- [THE DATA]:
__________

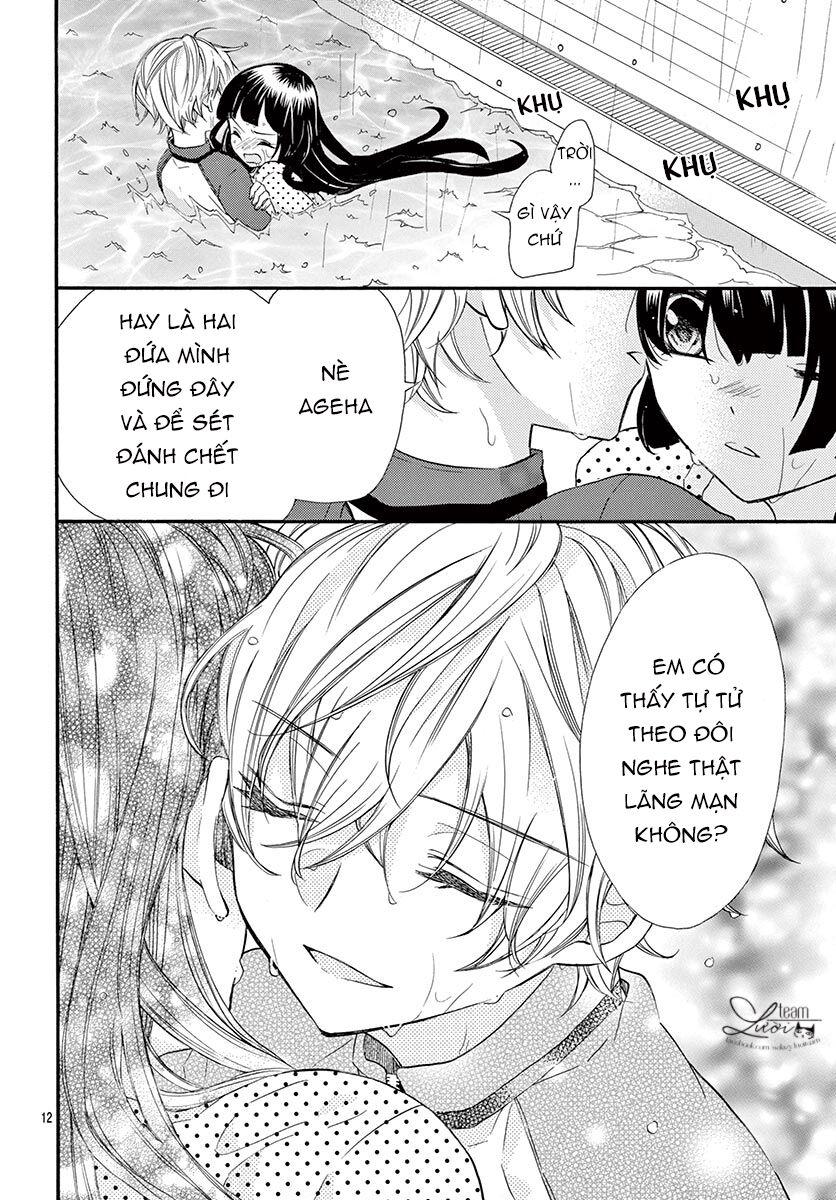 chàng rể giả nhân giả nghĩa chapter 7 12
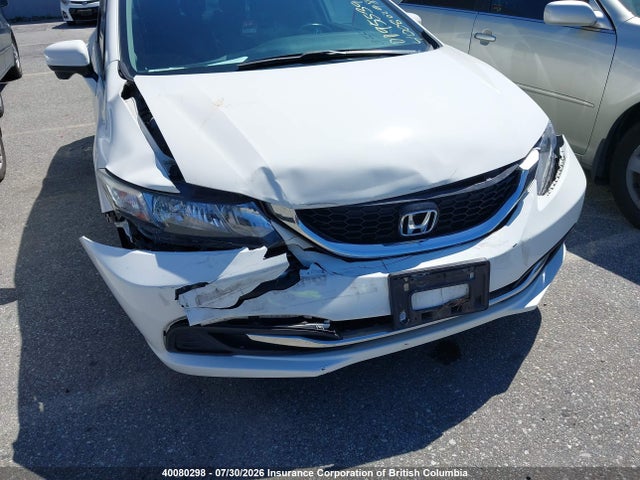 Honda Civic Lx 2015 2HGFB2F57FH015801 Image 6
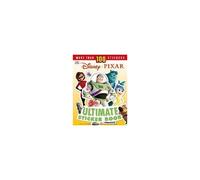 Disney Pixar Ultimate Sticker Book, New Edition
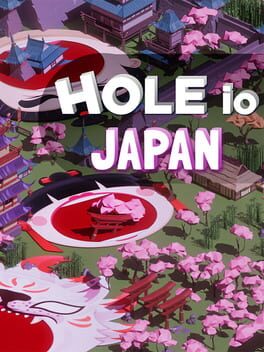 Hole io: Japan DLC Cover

__________

- [WHAT TO WORK ON]:
In the copy you write, the data above must appear exactly, with no pictures.

- [WORKED SOLUTION]:
 chàng rể giả nhân giả nghĩa chapter 7 12
 Honda Civic Lx 2015 2HGFB2F57FH015801 Image 6
 Disney Pixar Ultimate Sticker Book, New Edition
 Hole io: Japan DLC Cover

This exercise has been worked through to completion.